Allen & Overy's Washington, D.C., offices/photo courtesy of Diego M. Radzinschi/ALM

Allen & Overy has decided to forgo the “old-fashioned” practice of creating stacks of documents to assist clients through a complex regulatory compliance process. Instead, they have created a streamlined web-based application.

This week, Allen & Overy released marginMAPP, an interview-based tool for small financial institutions to determine and document if they fall under certain U.S. and European commodity regulations. marginMAPP also allows an entity to determine how falling under the purview of regulations impacts all the parties involved in a transaction 

The tool, which leverages legal technology company Neota Logic's artificial intelligence engine to make its determinations, is the newest release from the firm's tech incubator Fuse and is accessible through aosphere, Allen & Overy's subscription-based online service offering available only to clients.

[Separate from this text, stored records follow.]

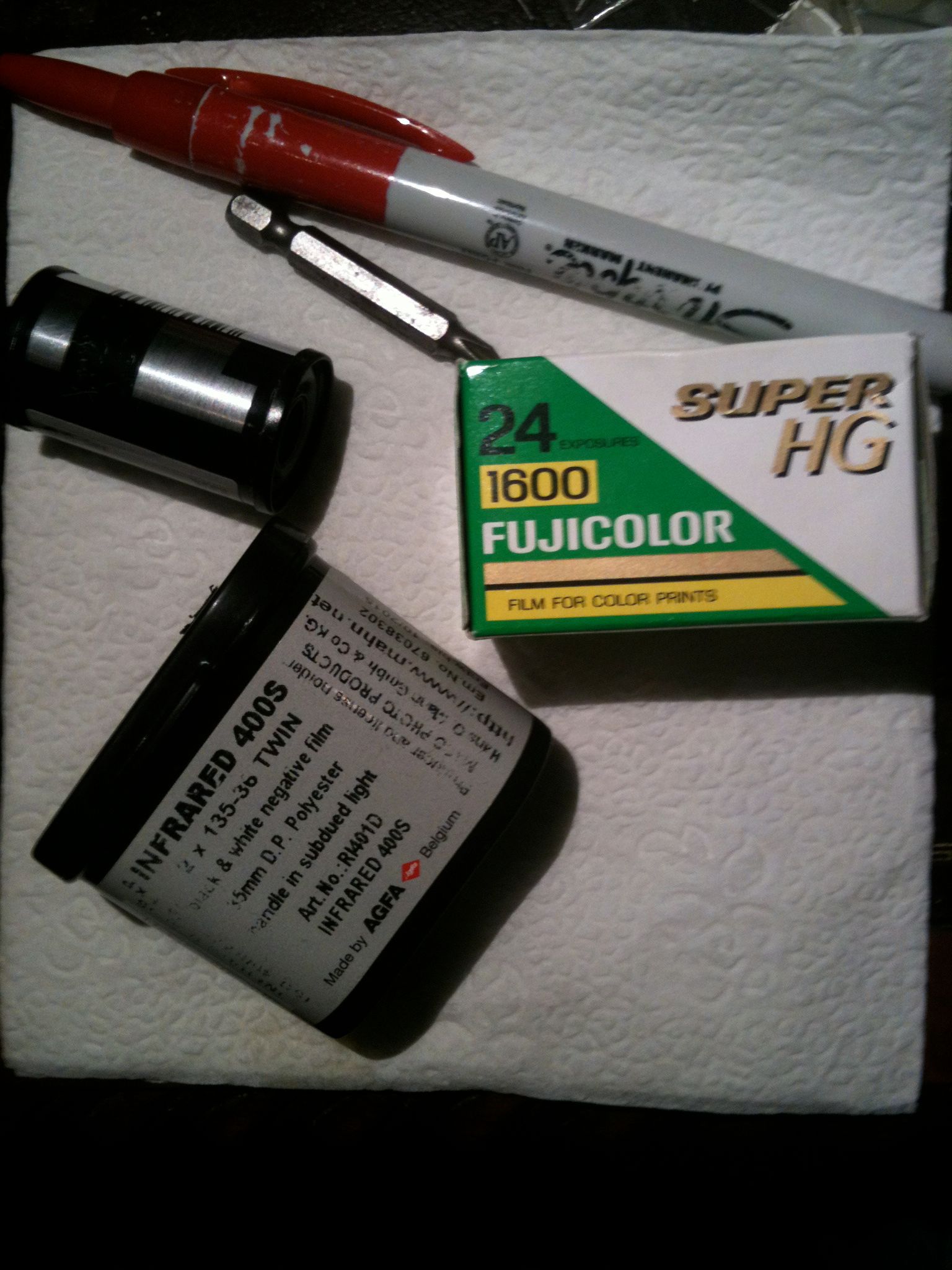 How to Make Homemade 35mm Redscale Film!!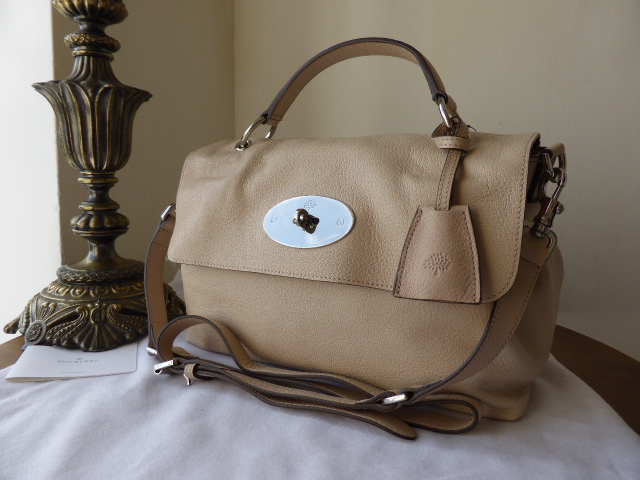 Mulberry Postmans Lock Satchel in Pebbled Beige Glossy Goat Leather - SOLD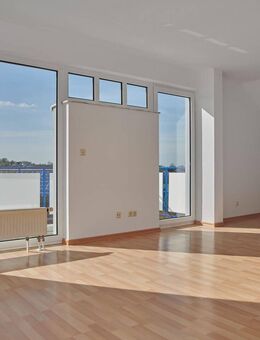 Provisionsfreie helle 4-Raumwohnung mit Balkon zu vermieten !!! - Colditz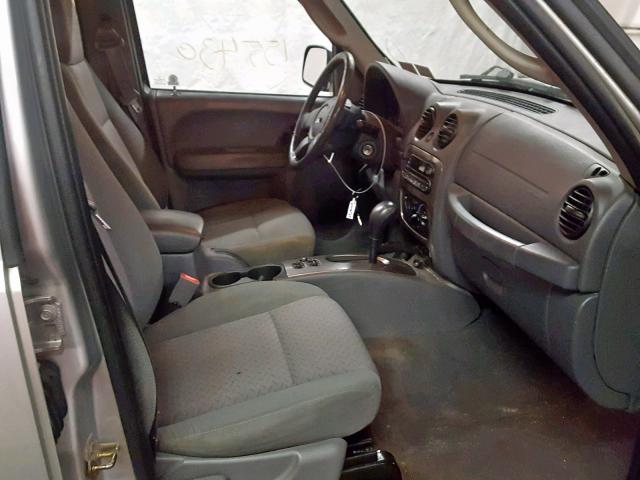 1J4GL38K15W687632 - 2005 JEEP LIBERTY RE SILVER photo 5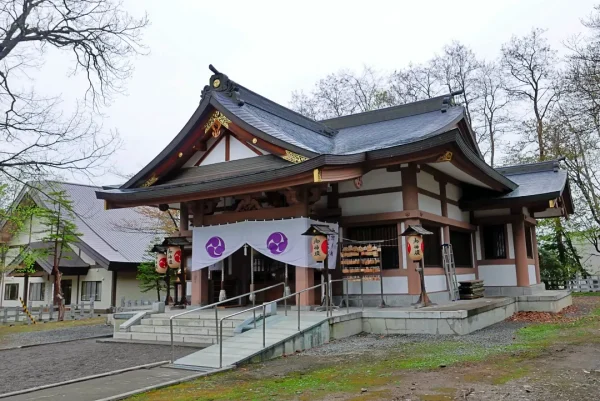鷹栖神社 社殿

The product arrives as the 2020 deadline nears for small financial institutions, including hedge funds, pension funds, insurance companies and non-banks, to ensure if European market infrastructure regulation or U.S. initial margin rules apply to them and how that impacts specific counterparties.

The process of determining which regulations apply to an entity is complex as rules differ across various jurisdictions, said New York-based Allen & Overy partner and marginMAPP co-creator Deborah North. She and London-based partner and marginMAPP co-creator Emma Dwyer had previously shepherded large banks through an earlier compliance deadline to determine what regulations they must comply with. 

Dwyer said Allen & Overy had taken an “old-fashioned lawyer way” approach to counseling those large banks, which resulted in reams of paperwork detailing complicated compliance requirements. So Dwyer and North thought they could create a better streamlined approach. 

In September 2018, North recalled developing a table around the initial margin rule classifications, but after 10 pages, she realized it would not be useful. “It was just too unwieldy to send to clients,” North said.

Meanwhile, Dwyer was sitting in a Fuse presentation that featured software from Neota Logic, a member of Allen & Overy's Fuse cohort. Dwyer said she thought the machine learning leveraged by the tech company fit their project perfectly. 

Roughly seven months later, marginMAPP was up and running. Including Dwyer and North, three U.S.- and three London-based attorneys worked on the product by adding the legal and regulatory expertise to the program, while an internal Allen & Overy tech team and Neota Logic worked on the software.

Dwyer and North said marginMAPP was their first time working with Neota Logic. While they both noted the product required a lot of time to develop, they said it was worthwhile.

“I think it was rewarding,” North said. “You can use your real experience with legal issues and regulator issues that solves those or a small part of those issues. I think it can be extremely effective.”